Passare la palla per vincere

In distribuzione Mark Up n. 261. L'editoriale della direttrice Cristina Lazzati (da Mark Up n. 261)

Passaggio ... Se ci riflettiamo è un termine che ha mille declinazioni, tutte sociali o
socializzanti, anche calcisticamente (non ne so granché), ma pare che un buon passaggio indichi sintonia, e tanti buoni passaggi (e magari qualche gol) promuovano una squadra.
A pensarci bene, tutti gli sport di squadra sono fatti di passaggi. E quando la squadra è un’azienda? E quando è un Paese? Un continente? I passaggi assumono altre forme, ma indicano capacità di collaborazione e di vedere nell’altro (persona o entità) l’abilità e/o la possibilità di sfruttare il passaggio in modo migliore di quanto succederebbe se tenessimo la palla per noi, almeno in quel determinato momento. Di “passaggi” in Italia dovremmo fare un corso: il saper fare un passo indietro all’occorrenza non è un tratto distintivo del nostro popolo, e nemmeno una questione di età, come molti vogliono far credere, ma di temperamento. Siamo tutti figli del detto “Chi fa da sé fa per tre”? Può darsi, ma una cosa è certa: se guardiamo questo fenomeno “appropriante” alla luce delle nuove teorie (e pratiche) economiche, lo sconforto ci coglie: collaborativa, sharing, circolare ... La nuova economia è peggio di un flipper in termini di passaggi, e noi ancora lì a rimirarci i piedi? Recentemente, in un articolo su LaRepubblica, Bernhard Scholz scrive di condivisione di saperi, di esperienze, di un bene per il futuro del Paese. Ottimo punto, ma, per poter accedere a questo Bengodi della fratellanza aziendale, sono necessari, dice lui, due passaggi, quello generazionale e quello digitale.
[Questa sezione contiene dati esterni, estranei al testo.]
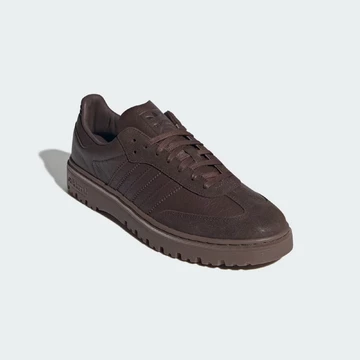 adidas Samba LX Freizeit Brown seitlich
Facile a dirsi ...Il concetto di passaggio generazionale è ancora un’impresa ciclopica per molte aziende nel nostro Paese: basti pensare al caso Esselunga, dove, di fatto, ciò è avvenuto solo con il passaggio a miglior vita del fondatore. Una scelta che oggi trova l’azienda a doversi ripensare per l’ingresso in Borsa anche in termini manageriali. Non basta neppure sapere, come sottolinea Scholz, “che, quando le imprese provvedono per tempo a una governance della generazione successiva -facendo entrare se necessario anche dirigenti esterni alla famiglia proprietaria- diventano più capaci di innovare e internazionalizzarsi”.  Poi il passaggio al digitale: altro nodo non da poco, perché la difficoltà non è tanto nell’acquistare tecnologie, ma nel predisporre la cultura aziendale perché le utilizzi al meglio. Infine, c’è il passaggio di “sapere” dentro e fuori le aziende: giovani disposti ad ascoltare e meno giovani che abbiano voglia di insegnare (e viceversa). Aziende che mettano a disposizione nuove scoperte che “fanno bene” per arrivare a un gradino più alto sul quale altre possano costruire e condividere. Un sogno? No, è il futuro. qui non possiamo ... passare.